The officials cited Atty. Gen. John Ashcroft’s frequently stated decree that he would rather thwart terrorist plots in their early stages by taking suspicious people into custody, rather than continue to gather evidence against them that could be used to prosecute them on terrorism charges.

Idris and El-Yacoubi are childhood friends who traveled together to Israel on Dec. 13, five days after El-Yacoubi visited his younger brother at the University of Virginia in Charlottesville, the affidavit by FBI Special Agent John V. Wyman said. El-Yacoubi brought with him a letter from his brother, written in Arabic, but in his haste left it behind at John F. Kennedy International Airport in New York, the affidavit said.

U.S. officials had stopped the two men but allowed them to board an El Al flight to Israel. But Israeli authorities denied the men entry, forcing their return to the United States.

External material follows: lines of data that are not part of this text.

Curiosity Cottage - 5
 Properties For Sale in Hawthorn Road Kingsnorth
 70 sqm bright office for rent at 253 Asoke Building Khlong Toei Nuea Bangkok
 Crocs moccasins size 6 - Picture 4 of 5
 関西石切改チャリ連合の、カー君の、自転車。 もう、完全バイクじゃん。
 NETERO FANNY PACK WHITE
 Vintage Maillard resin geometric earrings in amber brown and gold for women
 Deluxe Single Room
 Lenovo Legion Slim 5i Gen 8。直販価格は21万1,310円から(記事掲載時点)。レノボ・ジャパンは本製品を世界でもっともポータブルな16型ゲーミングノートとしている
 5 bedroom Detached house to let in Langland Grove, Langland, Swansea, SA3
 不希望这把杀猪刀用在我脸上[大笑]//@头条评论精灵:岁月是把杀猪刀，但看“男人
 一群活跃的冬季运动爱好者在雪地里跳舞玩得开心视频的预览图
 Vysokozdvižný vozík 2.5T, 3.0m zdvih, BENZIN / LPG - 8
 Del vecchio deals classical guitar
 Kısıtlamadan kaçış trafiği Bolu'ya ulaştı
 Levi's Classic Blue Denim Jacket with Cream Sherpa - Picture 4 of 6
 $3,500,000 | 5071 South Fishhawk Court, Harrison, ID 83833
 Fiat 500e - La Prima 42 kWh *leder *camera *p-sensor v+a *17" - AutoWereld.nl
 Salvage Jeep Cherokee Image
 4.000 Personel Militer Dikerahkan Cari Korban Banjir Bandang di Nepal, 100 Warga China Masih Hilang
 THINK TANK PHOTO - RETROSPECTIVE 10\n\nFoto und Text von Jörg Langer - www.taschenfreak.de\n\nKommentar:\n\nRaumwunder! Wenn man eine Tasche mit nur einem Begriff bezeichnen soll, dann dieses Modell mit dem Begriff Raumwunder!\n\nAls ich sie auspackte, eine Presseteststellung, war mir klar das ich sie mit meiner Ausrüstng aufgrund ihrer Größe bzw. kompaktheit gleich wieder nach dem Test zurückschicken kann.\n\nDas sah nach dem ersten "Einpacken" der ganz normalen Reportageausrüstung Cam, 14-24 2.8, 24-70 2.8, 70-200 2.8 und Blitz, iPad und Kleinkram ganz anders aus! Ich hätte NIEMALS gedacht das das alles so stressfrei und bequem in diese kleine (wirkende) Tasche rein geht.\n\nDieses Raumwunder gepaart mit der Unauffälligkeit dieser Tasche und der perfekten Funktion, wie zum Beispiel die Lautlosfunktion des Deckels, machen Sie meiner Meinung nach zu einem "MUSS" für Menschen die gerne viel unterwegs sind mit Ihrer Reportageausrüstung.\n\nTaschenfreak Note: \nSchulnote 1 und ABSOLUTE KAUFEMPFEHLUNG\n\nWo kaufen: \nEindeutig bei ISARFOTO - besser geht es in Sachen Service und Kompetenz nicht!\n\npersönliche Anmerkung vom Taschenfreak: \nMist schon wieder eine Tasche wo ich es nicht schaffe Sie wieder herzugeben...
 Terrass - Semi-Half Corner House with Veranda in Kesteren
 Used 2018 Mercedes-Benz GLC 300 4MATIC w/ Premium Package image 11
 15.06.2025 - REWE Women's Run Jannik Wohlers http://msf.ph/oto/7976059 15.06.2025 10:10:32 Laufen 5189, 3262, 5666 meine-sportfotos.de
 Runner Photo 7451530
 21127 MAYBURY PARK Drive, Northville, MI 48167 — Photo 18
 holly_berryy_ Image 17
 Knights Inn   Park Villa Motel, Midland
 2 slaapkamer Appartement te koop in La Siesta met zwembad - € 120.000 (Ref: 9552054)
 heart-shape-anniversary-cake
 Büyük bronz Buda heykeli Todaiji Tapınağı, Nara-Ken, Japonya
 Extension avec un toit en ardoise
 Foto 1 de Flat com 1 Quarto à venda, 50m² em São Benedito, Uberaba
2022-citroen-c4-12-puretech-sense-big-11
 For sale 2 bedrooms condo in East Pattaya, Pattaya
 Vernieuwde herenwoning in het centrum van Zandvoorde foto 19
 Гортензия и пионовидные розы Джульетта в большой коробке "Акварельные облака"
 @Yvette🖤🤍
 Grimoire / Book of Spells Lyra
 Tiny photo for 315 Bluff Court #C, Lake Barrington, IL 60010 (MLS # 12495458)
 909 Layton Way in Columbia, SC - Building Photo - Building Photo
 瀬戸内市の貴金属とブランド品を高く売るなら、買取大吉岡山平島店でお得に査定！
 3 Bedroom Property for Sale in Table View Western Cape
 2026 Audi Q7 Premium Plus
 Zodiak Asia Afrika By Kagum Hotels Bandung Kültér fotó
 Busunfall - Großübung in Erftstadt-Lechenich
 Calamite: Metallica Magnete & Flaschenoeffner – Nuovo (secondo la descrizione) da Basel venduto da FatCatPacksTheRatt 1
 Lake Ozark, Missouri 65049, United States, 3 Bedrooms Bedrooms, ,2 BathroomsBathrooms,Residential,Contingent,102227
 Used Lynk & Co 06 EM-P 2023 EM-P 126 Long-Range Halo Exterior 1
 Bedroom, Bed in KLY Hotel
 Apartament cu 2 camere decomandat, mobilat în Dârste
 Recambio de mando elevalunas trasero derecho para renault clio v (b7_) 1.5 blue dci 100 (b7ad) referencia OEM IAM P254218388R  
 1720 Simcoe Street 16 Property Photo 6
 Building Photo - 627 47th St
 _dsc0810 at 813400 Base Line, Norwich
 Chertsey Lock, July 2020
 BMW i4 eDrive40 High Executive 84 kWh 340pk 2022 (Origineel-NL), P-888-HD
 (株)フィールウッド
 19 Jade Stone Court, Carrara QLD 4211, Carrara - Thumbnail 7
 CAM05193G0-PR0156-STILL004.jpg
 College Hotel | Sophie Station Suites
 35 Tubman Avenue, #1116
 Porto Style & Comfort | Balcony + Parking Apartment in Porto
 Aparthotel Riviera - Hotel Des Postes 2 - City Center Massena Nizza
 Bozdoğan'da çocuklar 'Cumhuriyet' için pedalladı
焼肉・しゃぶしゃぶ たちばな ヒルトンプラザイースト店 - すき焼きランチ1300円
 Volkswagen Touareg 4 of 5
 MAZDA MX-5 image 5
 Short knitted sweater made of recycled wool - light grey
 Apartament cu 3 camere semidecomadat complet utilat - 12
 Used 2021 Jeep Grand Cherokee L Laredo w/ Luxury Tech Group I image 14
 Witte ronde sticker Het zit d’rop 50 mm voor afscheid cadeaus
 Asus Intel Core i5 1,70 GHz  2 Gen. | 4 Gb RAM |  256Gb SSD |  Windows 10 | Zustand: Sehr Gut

The FBI recovered the four-page letter and had it translated. Wyman described the letter in the affidavit as a farewell missive from the younger El-Yacoubi acknowledging his older brother’s plans to kill himself and become a martyr in the eyes of Allah.

“When I heard what you are going to carry out, my heart was filled with the feeling of grief and joy because you are the closest human being to my heart,” the younger brother wrote, according to the FBI translation. “It is incumbent upon me to encourage you and help you, because Islam urges Jihad for the sake of Allah. . . . You will, by your action, give honor to our family.”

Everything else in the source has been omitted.